The Lifetime Achievement Award recognizes a body of work that represents scholarly achievement in the field of policing. It recognizes research developed over the recipient’s career, not a single research project or study. It is a fitting award for Weisburd, an elected Fellow of the ASC and of the Academy of Experimental Criminology. He was a member of the Science Advisory Board of the Office of Justice Programs within the United States Department of Justice, and currently serves on the Steering Committee of the Campbell Crime and Justice Group, the Stockholm Prize Committee, and the Scientific Commission of the International Society of Criminology. He is a National Associate of the National Research Council of the National Academy of Sciences, and served as the Chair of the National Academy of Sciences Committee on Proactive Policing.

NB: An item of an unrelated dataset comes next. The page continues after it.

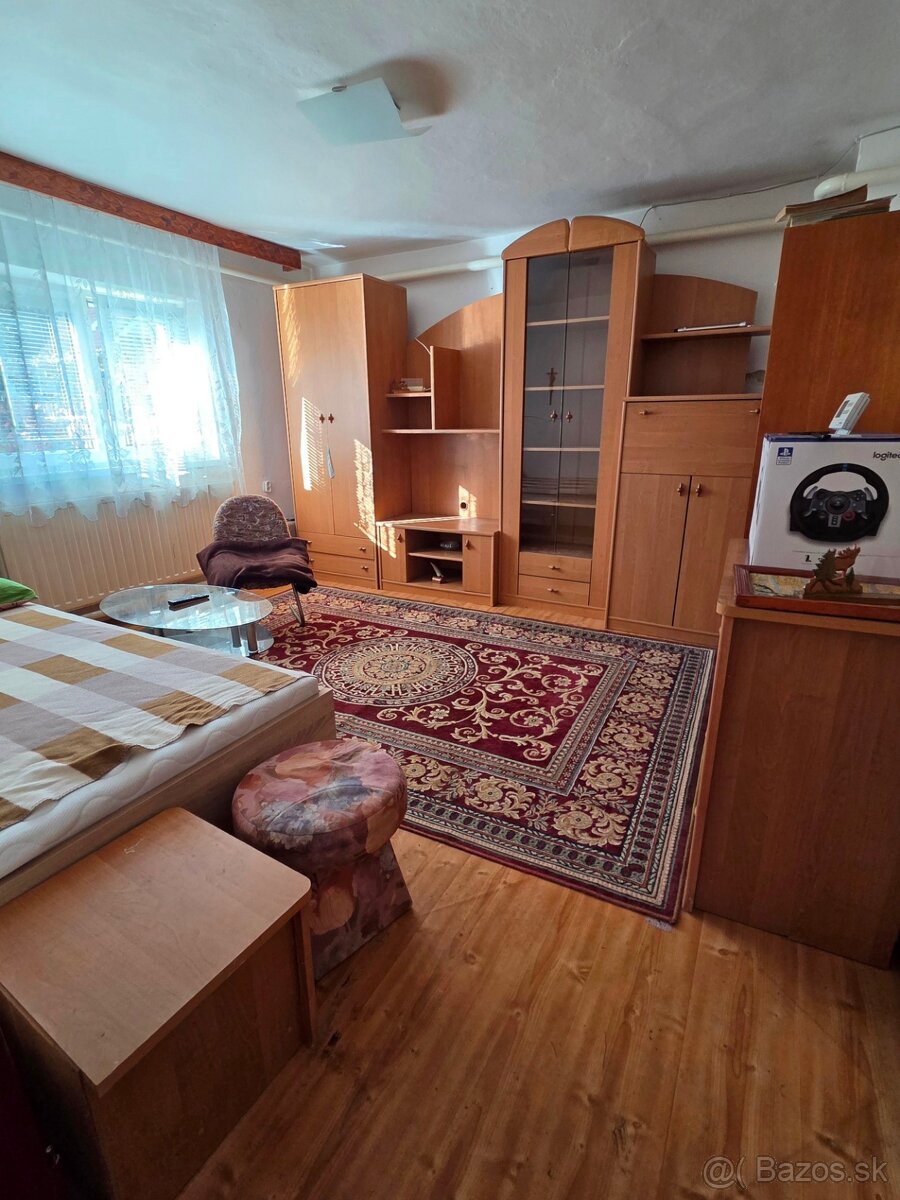 RD KOŠICE - PEREŠ, s 800m2 pozemkom - 10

Weisburd is the author or editor of more than thirty books and more than 200 scientific articles that cover a wide range of criminal justice research topics, including crime at place, violent crime, white collar crime, policing, illicit markets, terrorism, criminal justice statistics, and social deviance. He was the founding editor of the Journal of Experimental Criminology and is the general editor of the Journal of Quantitative Criminology.  He has received many awards for his contributions to criminology and crime prevention, including the Stockholm Prize in Criminology (2010); the Klachky Family Prize for the Advancement of the Frontiers of Science (2011); the Jerry Lee Award for Lifetime Achievement in Experimental Criminology (Division of Experimental Criminology, ASC, 2014); the Robert Boruch Award for distinctive contributions to research that influences public policy of the Campbell Collaboration (2014); the Sutherland Award for "outstanding contributions to the discipline of criminology" (ASC, 2014); the Israel Prize, generally regarded as the State of Israel's highest civilian honor (2015); the Mentoring Award for “excellence in mentorship in the discipline of Criminology and Criminal Justice” (ASC, 2016); and the August Vollmer Award for contributions to the prevention of crime (ASC, 2017).

"The scientific and social contributions of David’s work on hot spots of crime and place-based prevention cannot be overstated," said James Willis, chair, Department of Criminality, Law and Society.

"On account of his scholarly vision and high-quality research, communities are better positioned to reduce crime and disorder’s harmful effects, while simultaneously being better protected from the clumsy and arbitrary use of police power. He has opened new and exciting pathways for future scholars to explore and has been a rain-maker in promoting the use of scientific evidence to inform criminal justice policy. He is one of the pre-eminent criminologists of his generation and a generous colleague and mentor."

The Division of Policing was launched within the ASC in 2014, with a goal strengthening relationships between police and researchers to improve the translation of research findings into police practice, ensuring that the policing profession consistently uses the best evidence-based science and research to guide its policy and practice. Membership in the Division of Policing is open to all ASC members.